We stayed at the beautiful Park Plaza Wangfujing, which was rated #2 on TripAdvisor. This hotel was gorgeous and totally comparable to all the other big names (Hyatt, Marriott, Westin) and located in a much more convenient area. It was literally an 8 minute walk from the shopping area of Wangfujing and a 15 minute walk from Forbidden City. Yep, we were that close! The hotel rate varied, depending on when it was booked, but we were lucky and booked it for 80USD a night. The staff spoke terrific English and the concierge was extremely helpful when we wanted to go to certain places. Definitely a recommended stay.

I did a little "stalking" on TripAdvisor, and decided to hire a guide that would take us around. I made my choice based on 1, reviews; 2, price; and 3, it had to be a SHE. I don't know; I just feel safer with a female guide, hah. But little did I know that this was not a good choice.

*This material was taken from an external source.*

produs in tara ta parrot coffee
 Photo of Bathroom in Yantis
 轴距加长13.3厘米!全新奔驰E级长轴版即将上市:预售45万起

We chose a girl named Violet. Her rates were very reasonable and she seemed intelligent and had good grasp of English (as per her e-mails). She was punctual on the first day, but once she found out we understood Mandarin, we found out just how bad she had to struggle with her English. Most of the "speeches" she made were memorized from guide books, and there were times when we had to correct her facts. She recommended expensive restaurants (by American standards, which meant that it was probably super expensive by Chinese standards) where she even knew some of the staff at the restaurants. All in all, it wasn't a great experience, and I wish that I had done just a little more research instead of being lazy and taking the easy way out. It was definitely money wasted; we would've been better off hiring someone a little more expensive. But I digress.

We visited the Great Wall, Forbidden City, Summer Palace, Temple of Heaven, TianAnMen, the Olympic stadiums as well as the markets of PanJiaYuan and Silk Market.

January in Beijing is extremely COLD. There is no other way to describe it. We wore so much clothes that sometimes it was hard to move... I even utilized those little warming packs that skiers use on the slopes. Yes, it was that cold. But you know what's good about going in the winter? There are hardly any other tourists. As you can see, we were alone on the Great Wall. Now, that is something that would not happen during peak tourist season. So, you take what you can get.

Before we left for our trip, I made last minute trip arrangements for Xi'an. Most people think that Xi'an = Terracotta Warriors, but it is a city that is so much more. It was the first capital of China, where Qin Shi Huang presided as the first emperor. It has the most complete original city wall, where you can walk or bike around the city. It was also the birthplace of the dumpling banquet, where you can get dumpling fillings of chicken to shrimp to deer to rabbit.